=== Your objective ===
Pictures aside, copy exactly the lines running from the one with "Vegan Leather Longline Coat" to the end of the records.

=== Materials provided ===
- Opening Delimiter -
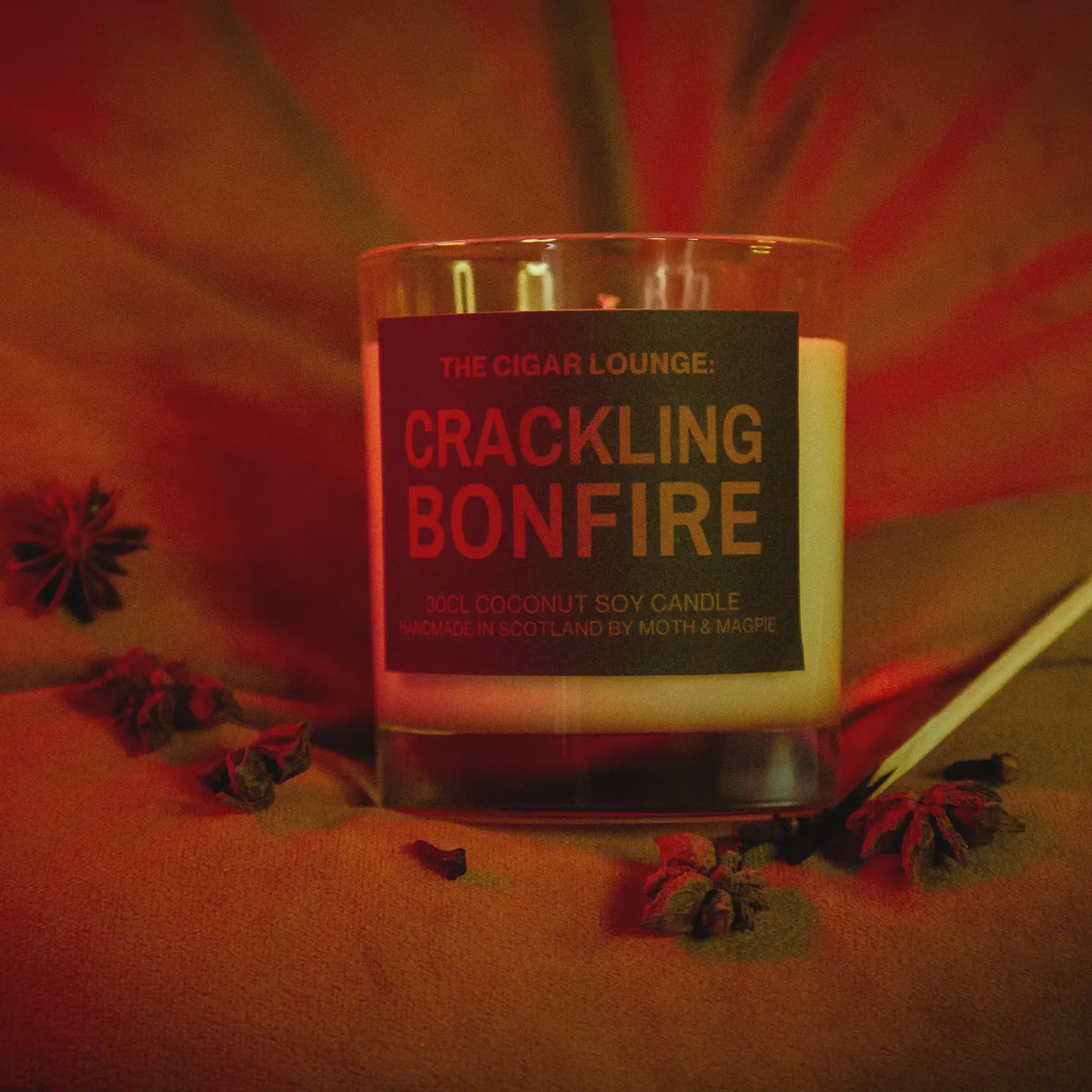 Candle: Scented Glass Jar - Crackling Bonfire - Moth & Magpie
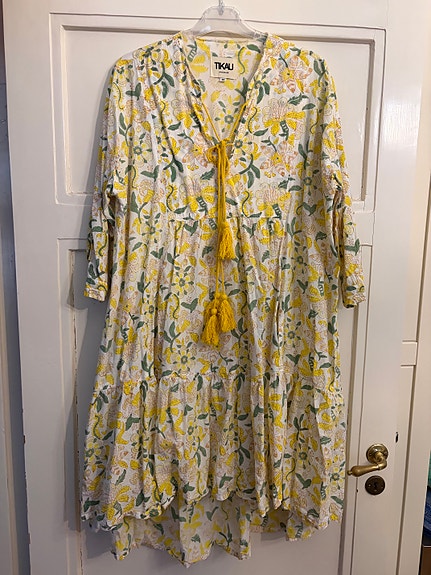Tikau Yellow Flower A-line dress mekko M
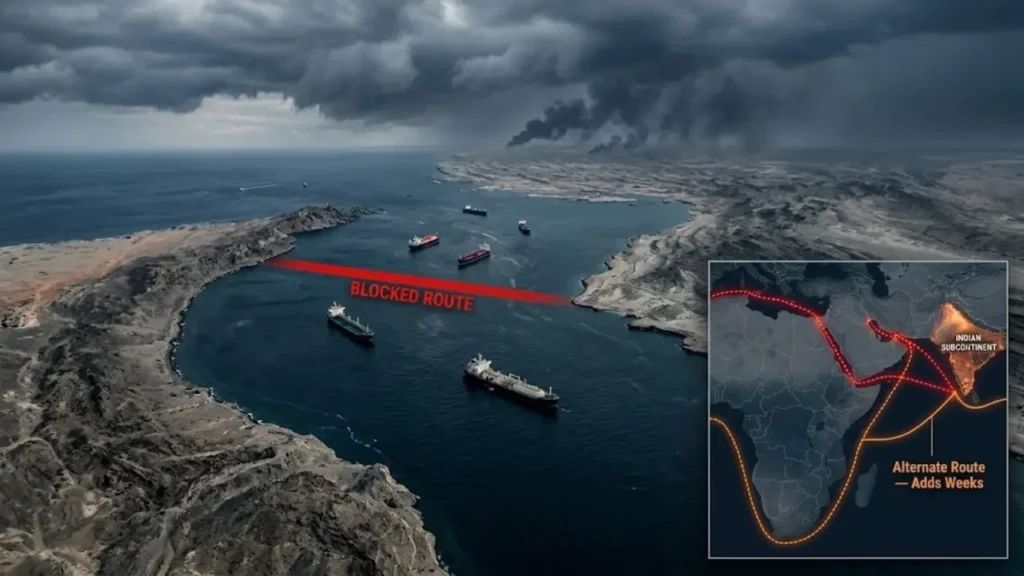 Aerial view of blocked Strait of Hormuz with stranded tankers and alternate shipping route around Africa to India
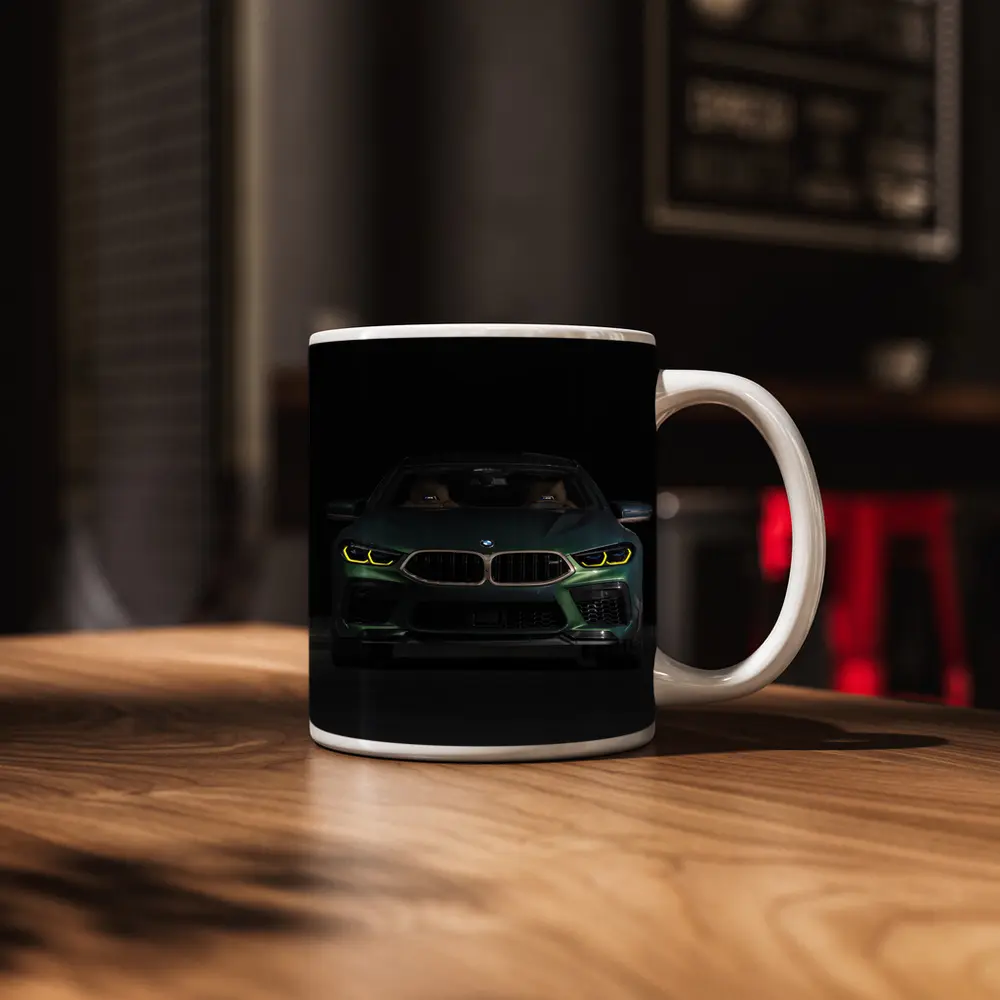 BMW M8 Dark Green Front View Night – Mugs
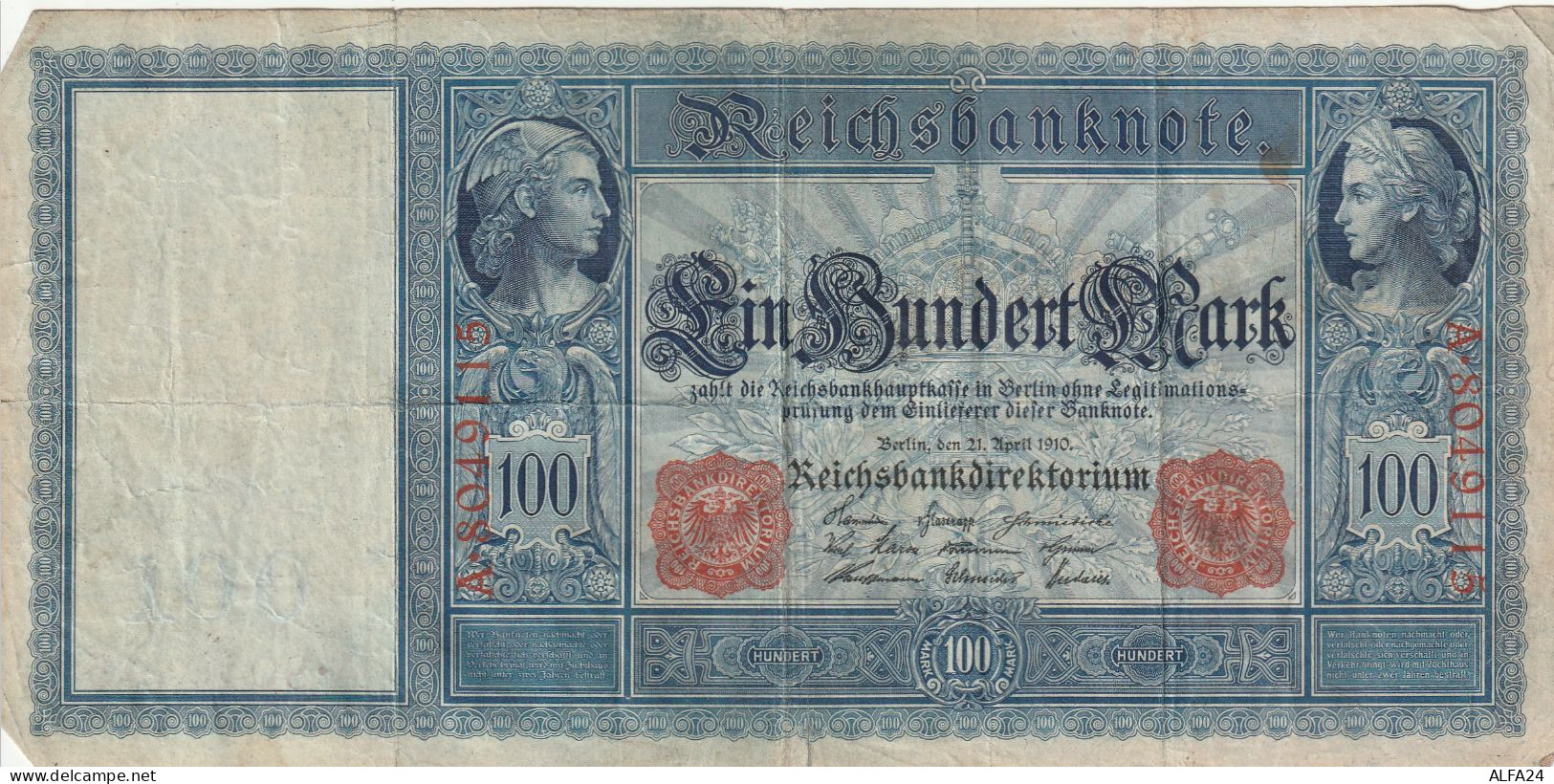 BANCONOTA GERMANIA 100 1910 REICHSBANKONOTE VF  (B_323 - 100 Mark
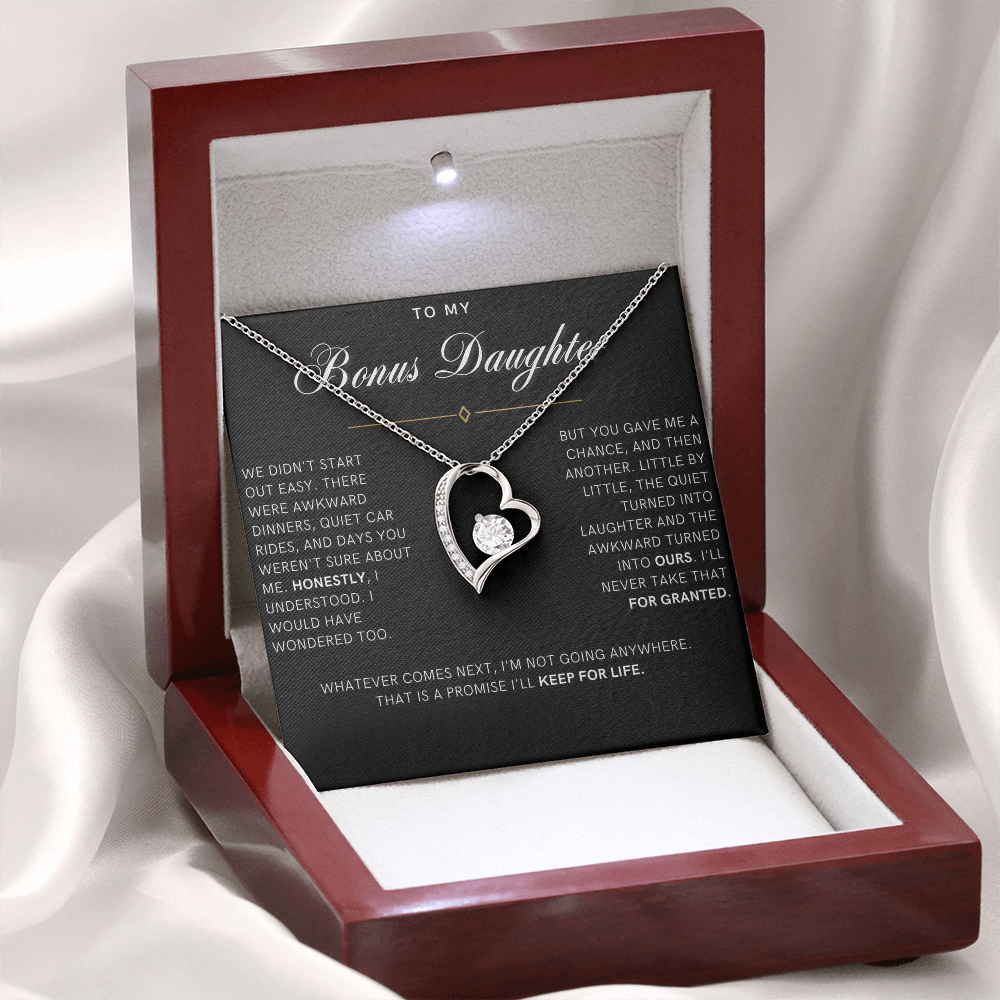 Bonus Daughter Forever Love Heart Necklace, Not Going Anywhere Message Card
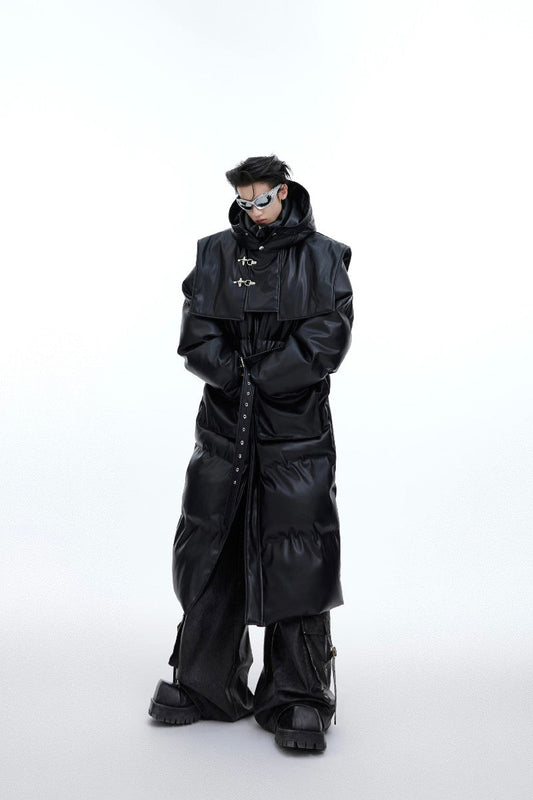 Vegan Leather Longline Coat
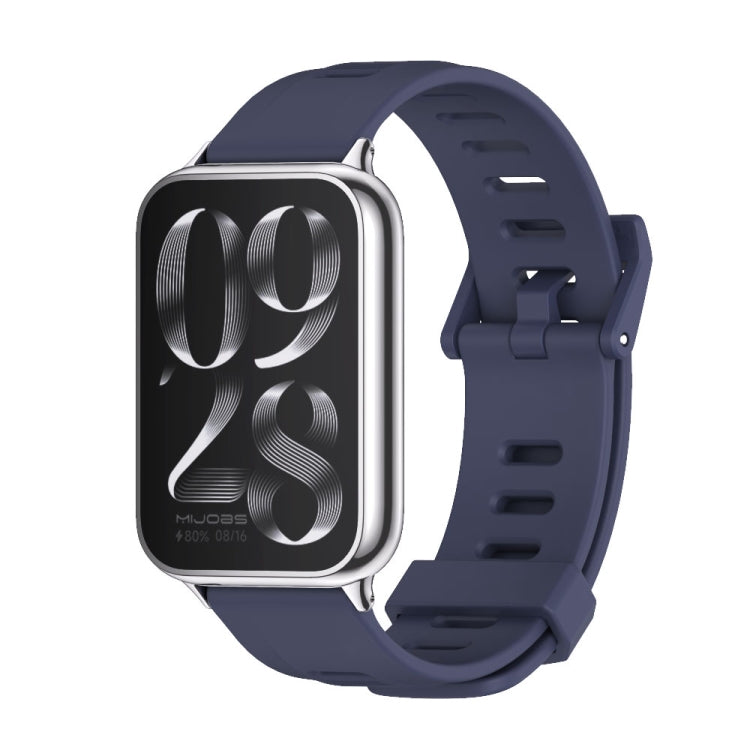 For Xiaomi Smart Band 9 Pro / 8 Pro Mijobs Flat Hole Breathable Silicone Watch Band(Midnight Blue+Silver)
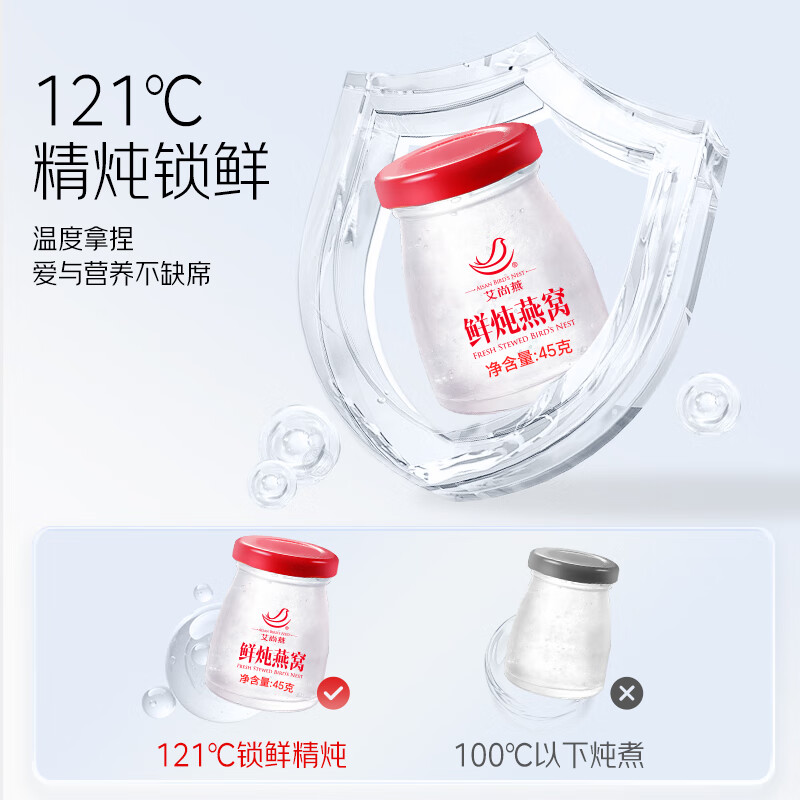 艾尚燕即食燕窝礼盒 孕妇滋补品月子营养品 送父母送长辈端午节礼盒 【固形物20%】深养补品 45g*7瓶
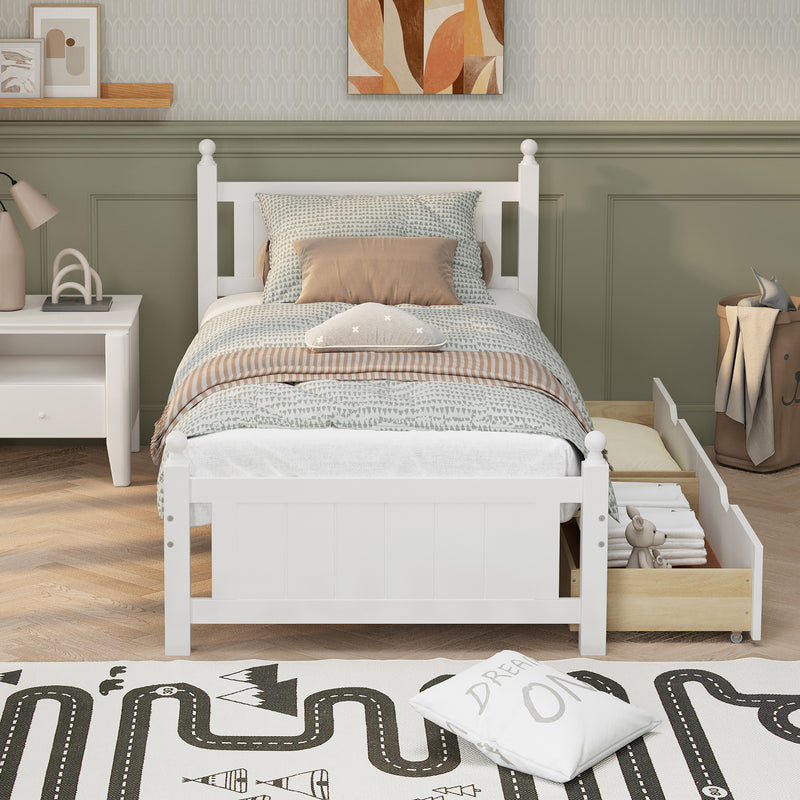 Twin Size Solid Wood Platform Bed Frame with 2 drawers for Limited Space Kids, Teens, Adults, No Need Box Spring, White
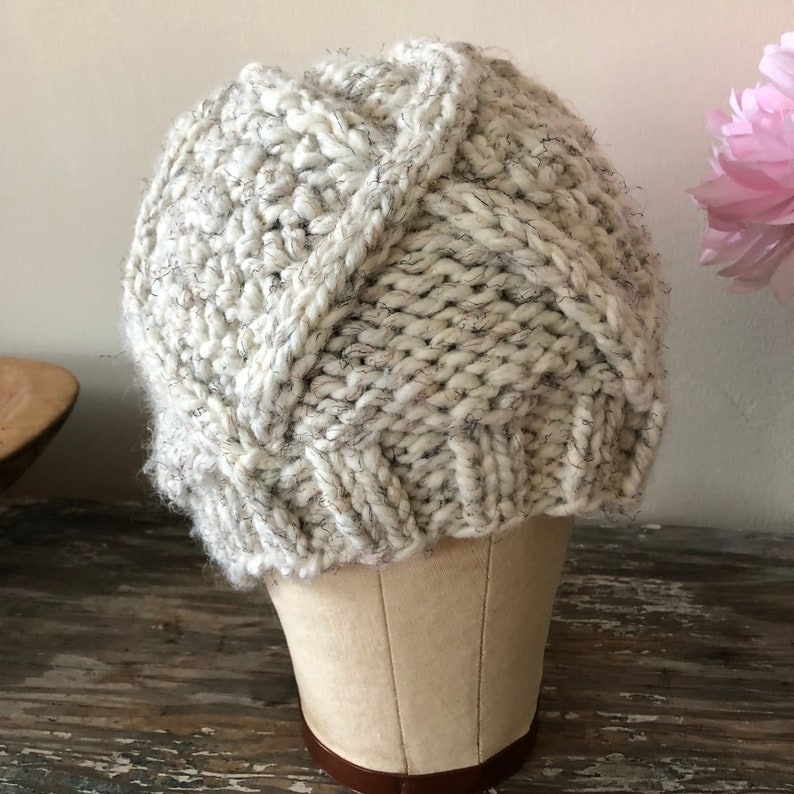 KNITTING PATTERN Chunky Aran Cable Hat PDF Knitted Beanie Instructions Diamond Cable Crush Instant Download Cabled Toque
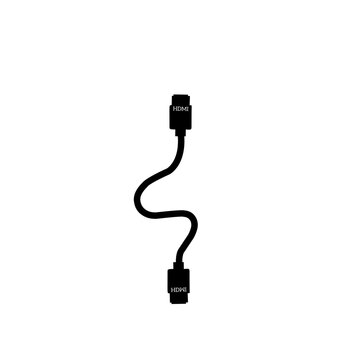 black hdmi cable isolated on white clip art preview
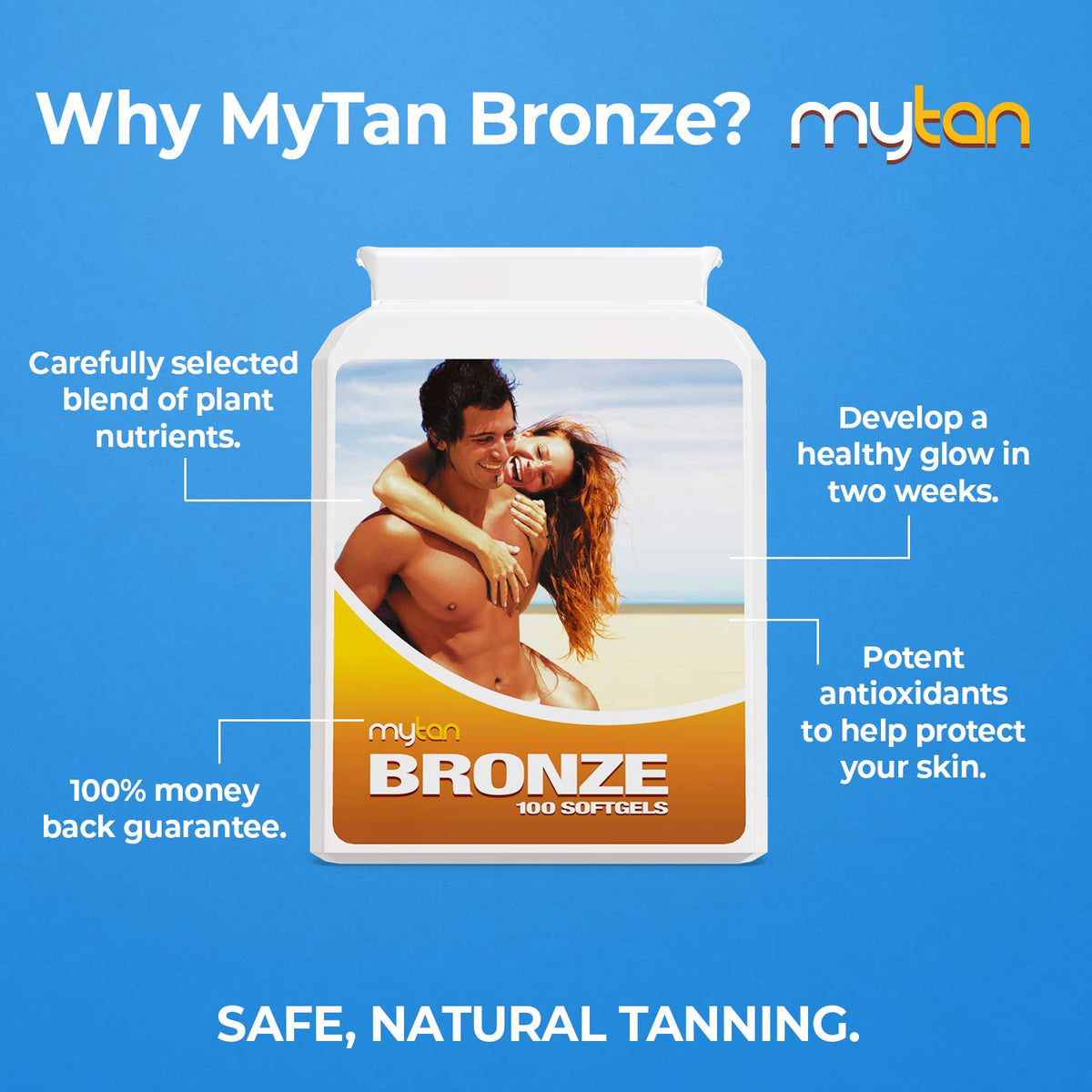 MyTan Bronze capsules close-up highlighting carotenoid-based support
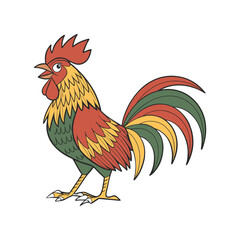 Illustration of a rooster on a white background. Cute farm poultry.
- Closing Delimiter -
=== Answer for this exercise ===
 Vegan Leather Longline Coat
 For Xiaomi Smart Band 9 Pro / 8 Pro Mijobs Flat Hole Breathable Silicone Watch Band(Midnight Blue+Silver)
 艾尚燕即食燕窝礼盒 孕妇滋补品月子营养品 送父母送长辈端午节礼盒 【固形物20%】深养补品 45g*7瓶
 Twin Size Solid Wood Platform Bed Frame with 2 drawers for Limited Space Kids, Teens, Adults, No Need Box Spring, White
 KNITTING PATTERN Chunky Aran Cable Hat PDF Knitted Beanie Instructions Diamond Cable Crush Instant Download Cabled Toque
 black hdmi cable isolated on white clip art preview
 MyTan Bronze capsules close-up highlighting carotenoid-based support
 Illustration of a rooster on a white background. Cute farm poultry.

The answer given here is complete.